As per TCGA 92 Schedule 7AC, in order for the SSE to apply the company must have held a ‘substantial shareholding’ for a ‘substantial period of time’. Further, company B must be a ‘qualifying company’ throughout a specified period.
- A substantial shareholding is defined in para 8 and requires that company A holds at least 10% of the shares in company B, is entitled to at least 10% of the profits and assets in a winding up.
- A substantial period of time is defined in para 7 as a 12 month period beginning not more than six years before the date of the disposal.
- A qualifying company is as per para 19, specifically a trading company or the holding company of a trading group. The qualifying company condition must have been met from the start of the latest period for which para 7 is met until the date of the disposal
Therefore, the disposal of a 100% shareholding in a trading company which has been held for several years, as is the case here, would seemingly fall within the SSE rules and so would not give rise to a chargeable gain. Note that the rules apply automatically and that they affect losses arising in the same way as they affect gains, meaning the treatment can be a hinderance in a loss making situation.
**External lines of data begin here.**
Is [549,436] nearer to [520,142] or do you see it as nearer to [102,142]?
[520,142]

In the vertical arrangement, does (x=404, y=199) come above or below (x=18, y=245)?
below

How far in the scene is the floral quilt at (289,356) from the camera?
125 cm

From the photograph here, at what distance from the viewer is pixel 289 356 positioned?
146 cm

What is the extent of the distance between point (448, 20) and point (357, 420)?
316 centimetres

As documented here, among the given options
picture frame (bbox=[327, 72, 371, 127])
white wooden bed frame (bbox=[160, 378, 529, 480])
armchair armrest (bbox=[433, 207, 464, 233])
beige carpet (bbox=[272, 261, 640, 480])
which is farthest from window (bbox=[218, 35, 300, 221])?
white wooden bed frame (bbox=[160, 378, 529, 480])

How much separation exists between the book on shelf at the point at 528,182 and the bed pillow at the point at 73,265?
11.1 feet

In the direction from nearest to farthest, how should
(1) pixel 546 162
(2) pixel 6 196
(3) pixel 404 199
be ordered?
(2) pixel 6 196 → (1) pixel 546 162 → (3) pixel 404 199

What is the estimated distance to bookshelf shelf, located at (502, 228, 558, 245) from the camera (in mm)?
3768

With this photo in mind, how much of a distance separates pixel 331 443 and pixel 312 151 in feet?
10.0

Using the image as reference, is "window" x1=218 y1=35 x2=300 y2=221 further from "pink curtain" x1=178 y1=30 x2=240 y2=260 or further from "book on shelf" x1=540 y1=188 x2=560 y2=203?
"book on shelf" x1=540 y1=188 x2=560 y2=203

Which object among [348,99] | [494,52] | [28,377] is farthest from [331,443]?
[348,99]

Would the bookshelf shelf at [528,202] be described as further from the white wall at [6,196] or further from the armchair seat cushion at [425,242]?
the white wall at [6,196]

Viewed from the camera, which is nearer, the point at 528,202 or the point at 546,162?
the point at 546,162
Additional rules can apply to create deemed holding periods (paras 9 to 15A) and where the holding involves a Qualifying Institutional Investor (Paras 3A and 30A).
Note that as the shares were disposed of in exchange for loan notes, in the absence of the SSE rules the disposal would likely have fallen within TCGA 92 s.116. This treatment would have been less beneficial, as the gain arising would have been chargeable but effectively deferred until the later disposal of the loan notes, at which point tax would have become due.
However, Sch 7AC Para 4(1)(a) confirms that the SSE rules are applied without regard to s.116. Therefore, assuming the SSE rules are met in this instance, the gain will not chargeable and so there will be nothing to defer to the later disposal of the loan notes.